» PROMPT
Write out the listing below in full and exactly, leaving out every picture.

» INFORMATION SHOWN
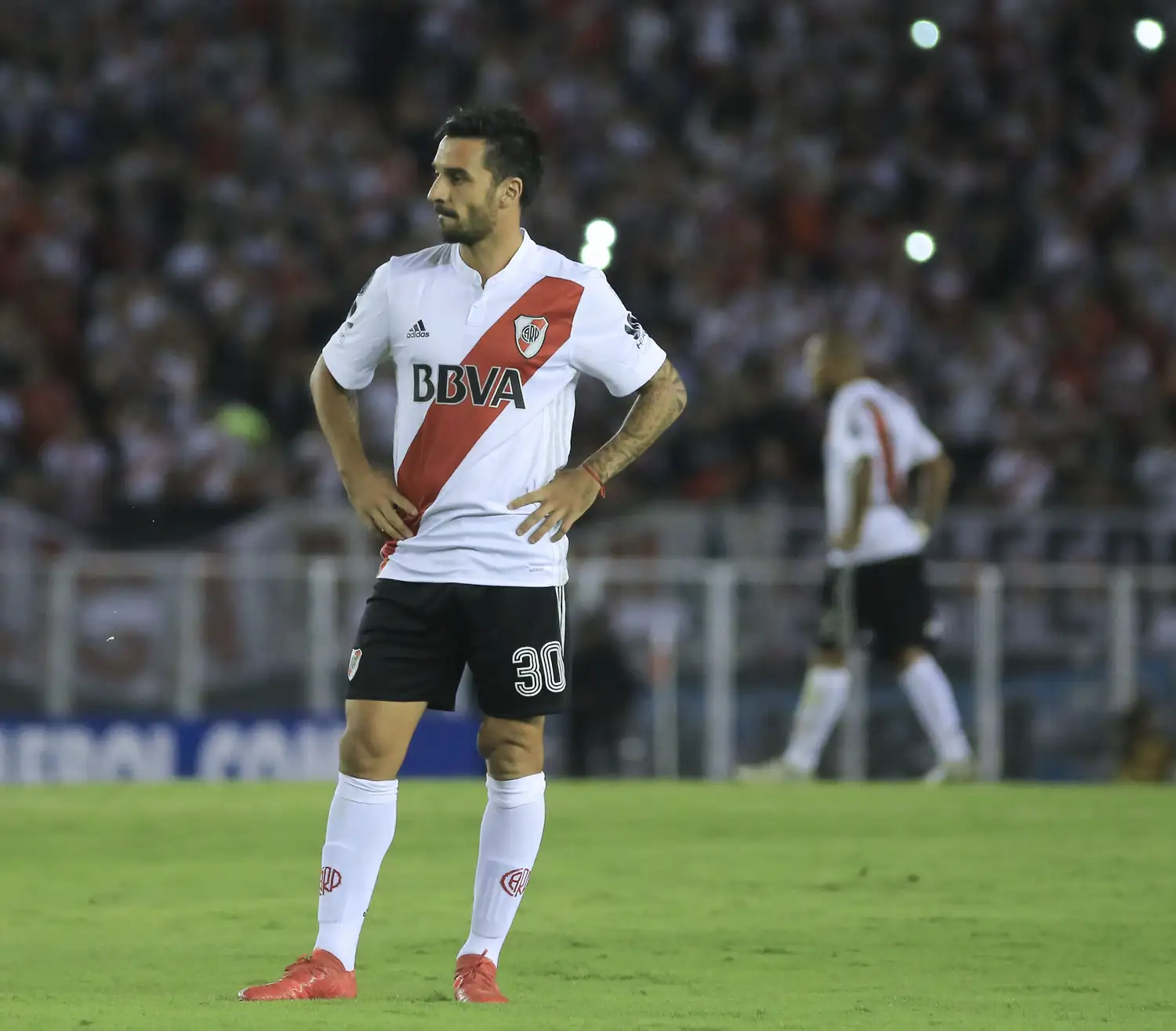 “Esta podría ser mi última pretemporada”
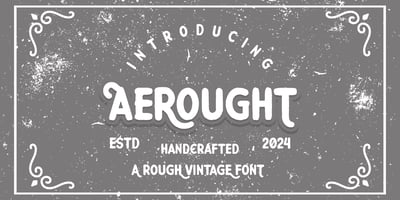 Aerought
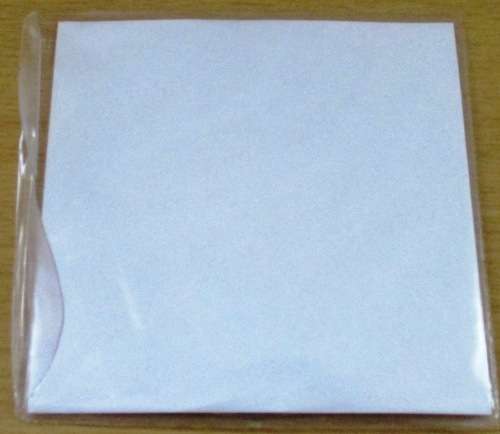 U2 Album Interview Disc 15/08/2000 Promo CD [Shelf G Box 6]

» WRITTEN SOLUTION
 “Esta podría ser mi última pretemporada”
 Aerought
 U2 Album Interview Disc 15/08/2000 Promo CD [Shelf G Box 6]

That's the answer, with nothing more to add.